To measure the recovery rates of viable bacteria after the pretreatment procedure using the conventional colony-counting method, 50 µL of the diluted suspensions was inoculated onto Standard Methods BD Agar/Plate Count Agar (Fisher Scientific, Waltham, Massachusetts, USA) before and after the pretreatment procedure. After incubation at 35 °C for 12 h, the number of colony-forming units (CFU) was determined by counting the colonies grown on the agar plates in triplicate, and recovery rates were calculated.
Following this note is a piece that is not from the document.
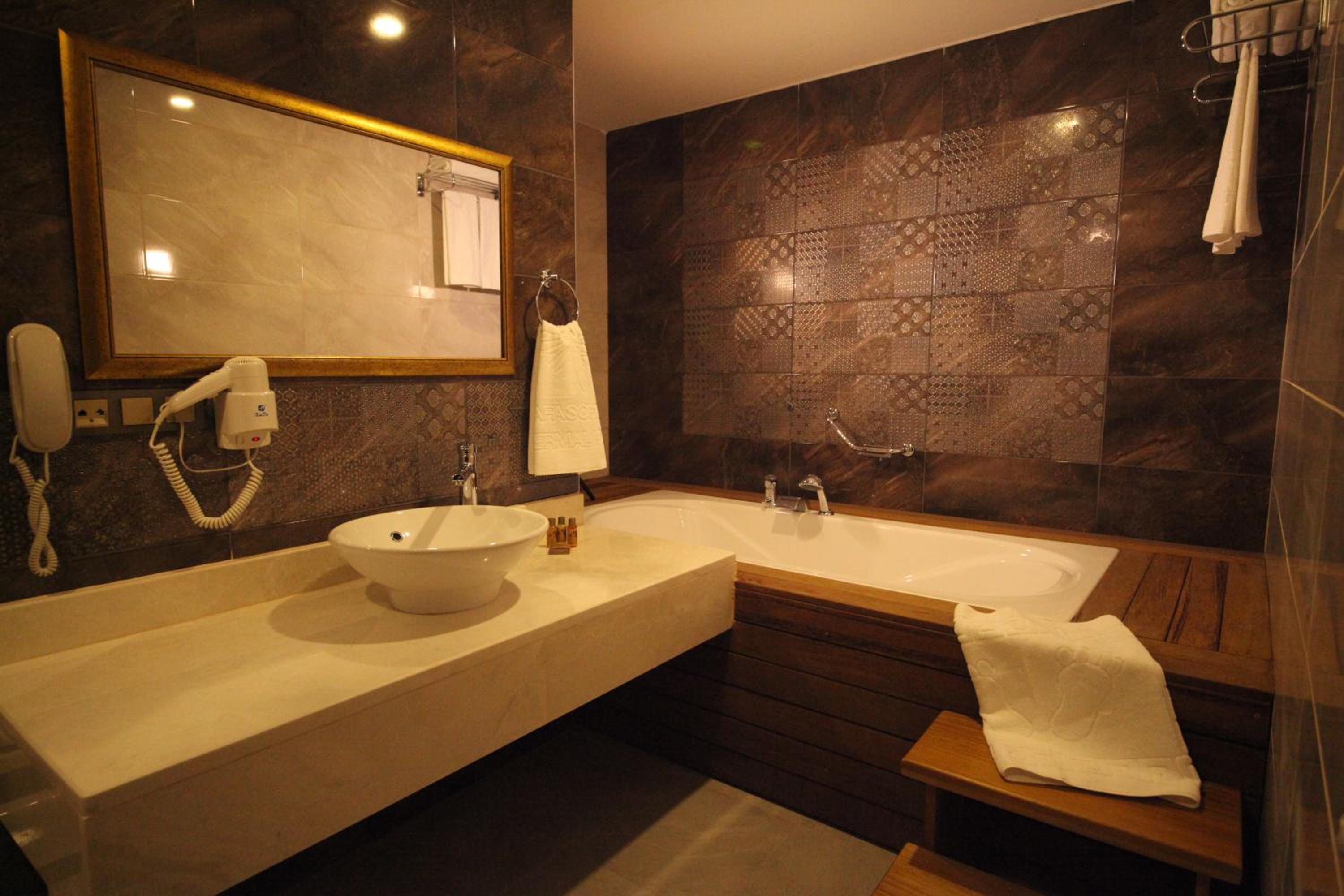 Deluxe Suite with Spa Bath photo 3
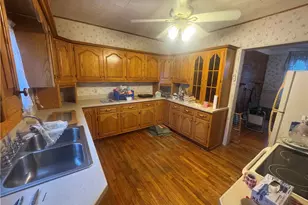 210 Washington Ave, Vandergrift, PA 15690 - Photo 11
Culture-based biochemical identification of bacteria
The whole blood samples (one aerobic and one anaerobic blood culture bottle) were collected simultaneously with the blood sample for Tm mapping identification and quantification from the same puncture site. The whole blood samples were then analyzed according to standard methods used by the Clinical Laboratory Center (certified ISO15189) at Toyama University Hospital. The blood culture procedures were performed using the BacT/ALERT 3D system (bioMerieux, Inc., Mercy-l’Etoile, France). Positive blood culture bottles were subcultured in the appropriate media and incubated aerobically or anaerobically until sufficient growth was present to proceed with testing (usually 18 to 24 h). The specific identification methods differed according to the organism, although they included the MicroScan WalkAway system (Siemens Healthcare Diagnostics), RapID ANA II (Thermo Fisher Scientific, Waltham, Massachusetts, USA) and various latex agglutination and biochemical spot tests.